Segment Start: Given data

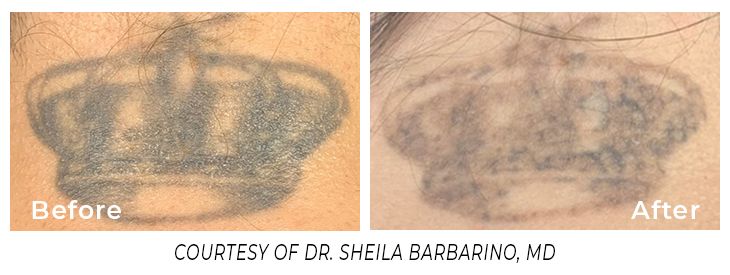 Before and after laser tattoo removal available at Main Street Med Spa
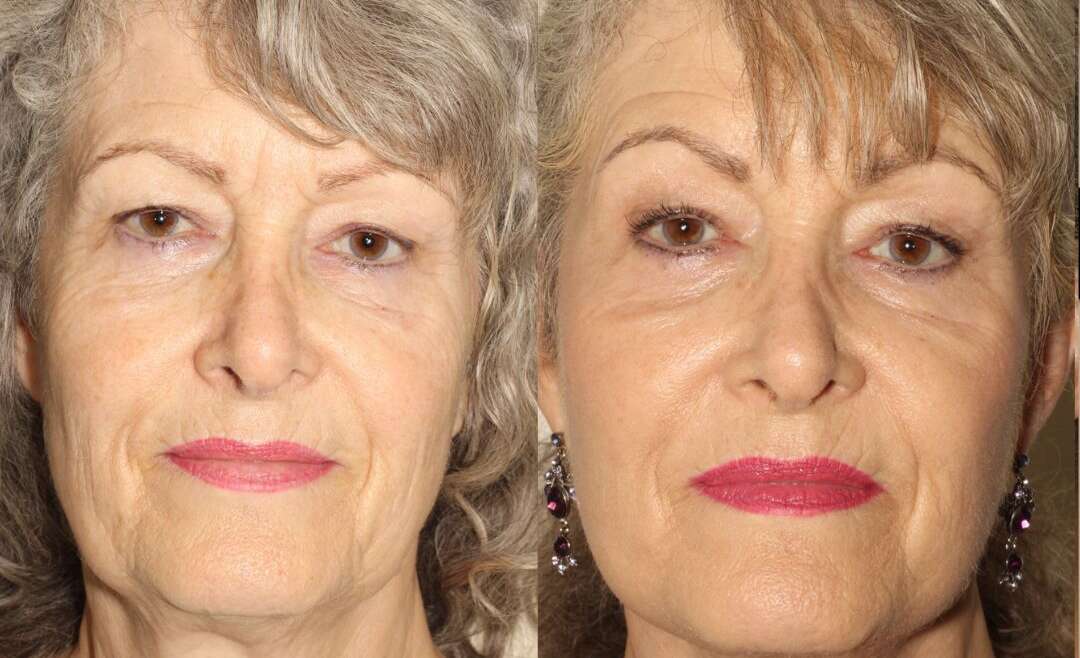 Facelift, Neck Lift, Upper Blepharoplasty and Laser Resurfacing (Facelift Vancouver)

Segment End: Given data
Segment Start: Given data

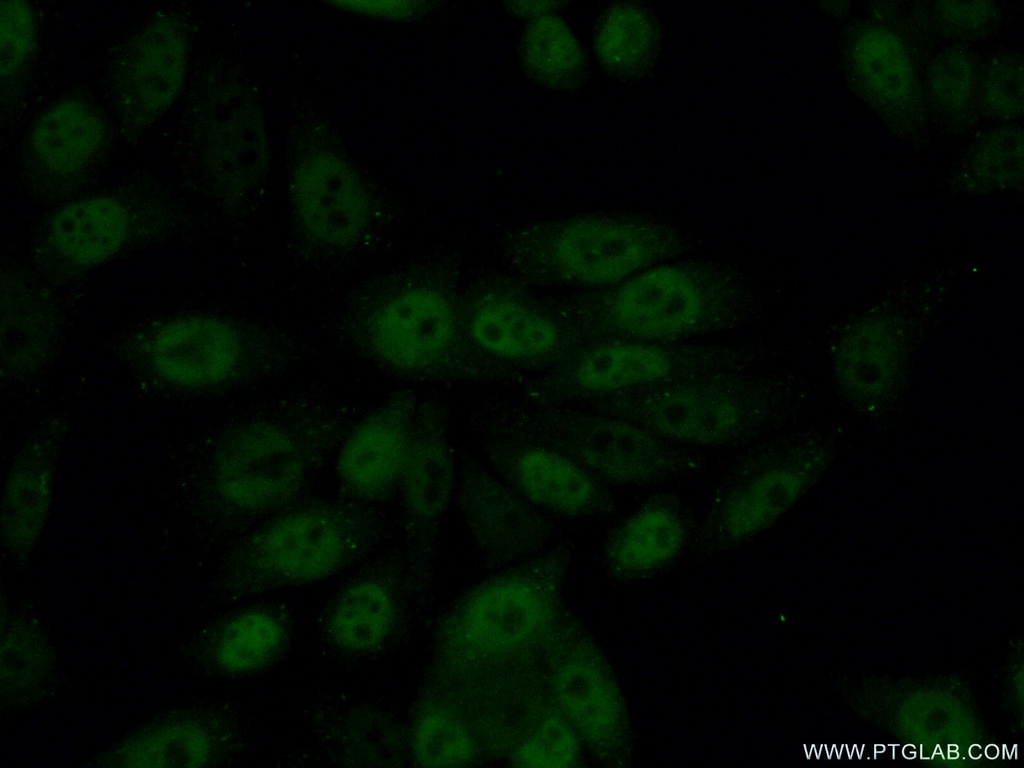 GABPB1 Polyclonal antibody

Segment End: Given data

How to complete this task: Retype, exactly and with no pictures, everything above from the line with "Before and after" down to the line with "Facelift, Neck Lift, Upper", both included.

Response to this exercise:
 Before and after laser tattoo removal available at Main Street Med Spa
 Facelift, Neck Lift, Upper Blepharoplasty and Laser Resurfacing (Facelift Vancouver)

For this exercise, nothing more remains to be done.